▶ _Exercise details_
Where the entries below show "BMW 2 Series", begin there and print that line and all following lines exactly, through the last, omitting pictures.
BEGIN Dataset records
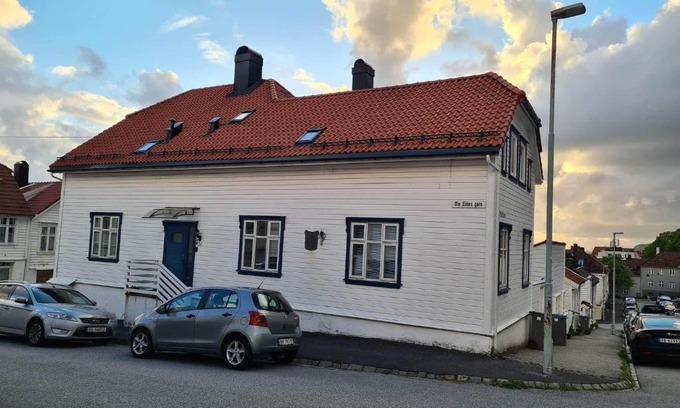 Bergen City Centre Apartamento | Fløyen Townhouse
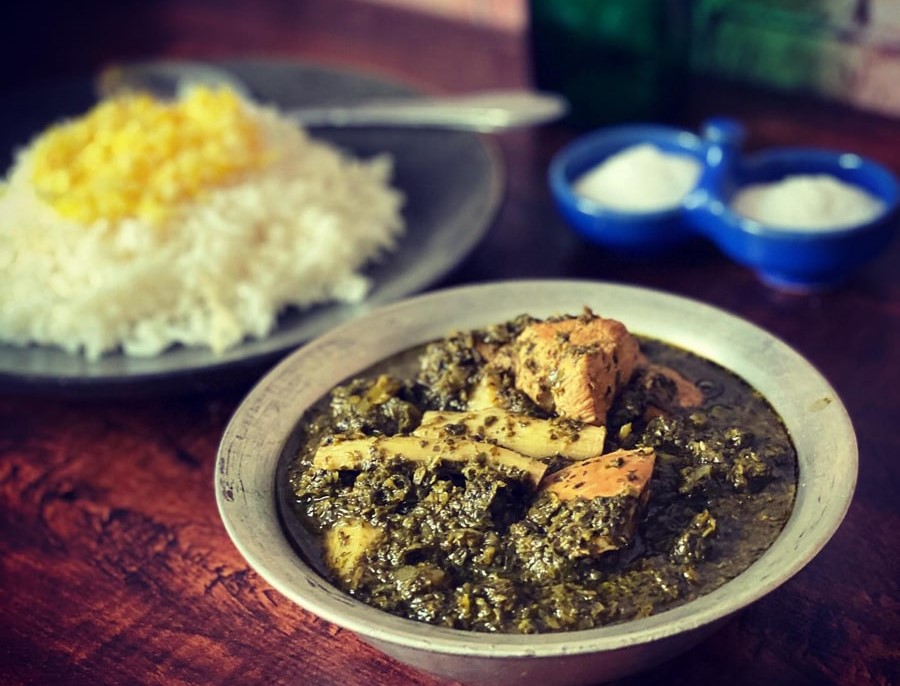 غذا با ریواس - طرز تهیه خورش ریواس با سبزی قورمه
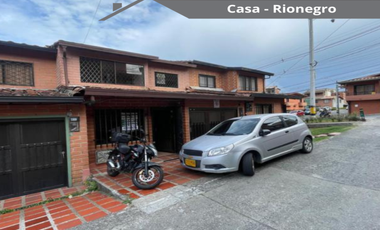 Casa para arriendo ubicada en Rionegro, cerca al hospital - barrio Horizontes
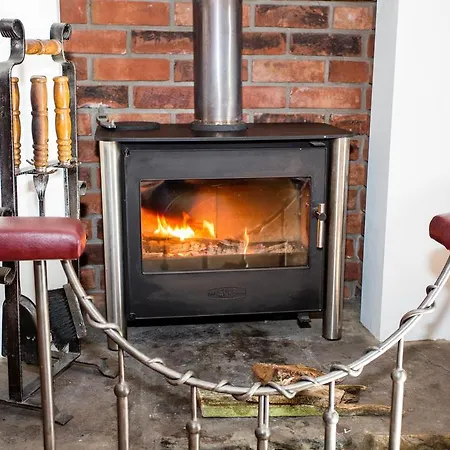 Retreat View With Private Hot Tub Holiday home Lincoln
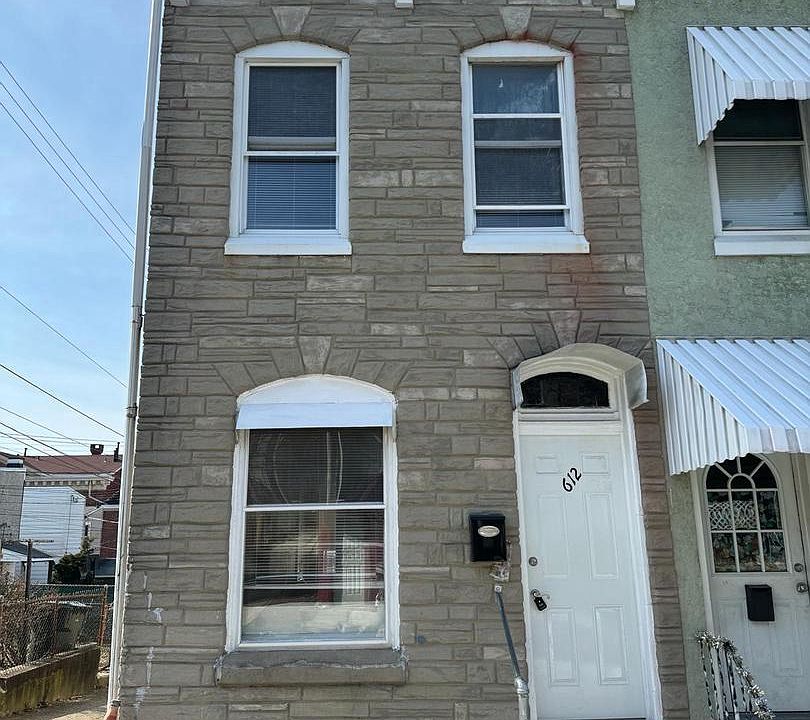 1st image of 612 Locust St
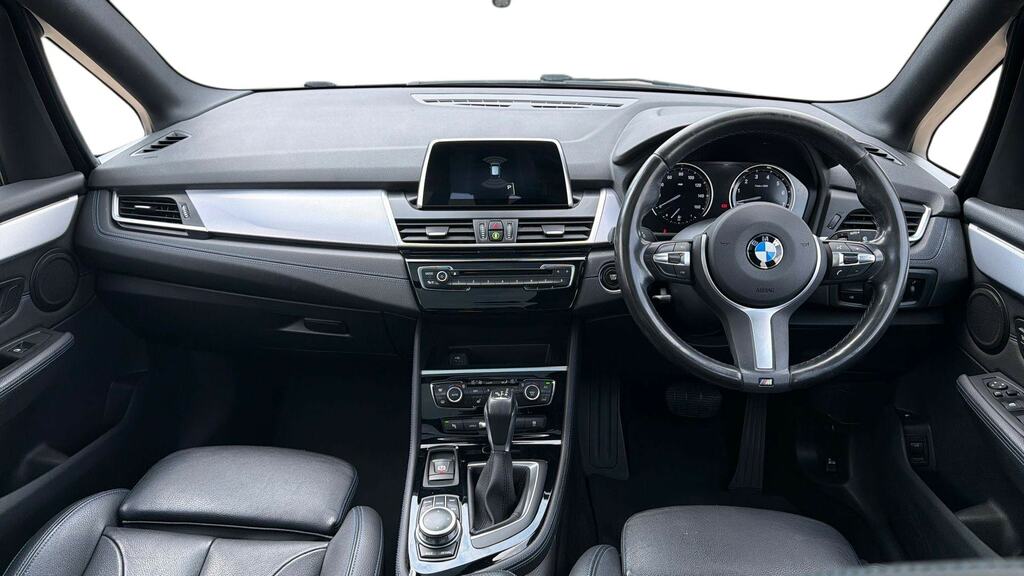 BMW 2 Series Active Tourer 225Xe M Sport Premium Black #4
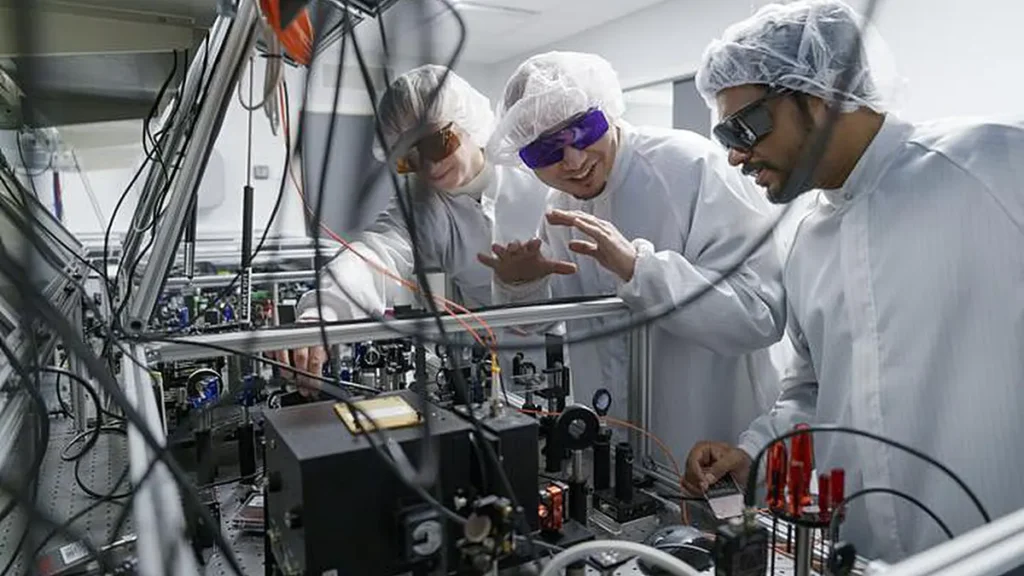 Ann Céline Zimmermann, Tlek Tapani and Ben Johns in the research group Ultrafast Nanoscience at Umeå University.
END Dataset records
▶ _Response to this exercise_
 BMW 2 Series Active Tourer 225Xe M Sport Premium Black #4
 Ann Céline Zimmermann, Tlek Tapani and Ben Johns in the research group Ultrafast Nanoscience at Umeå University.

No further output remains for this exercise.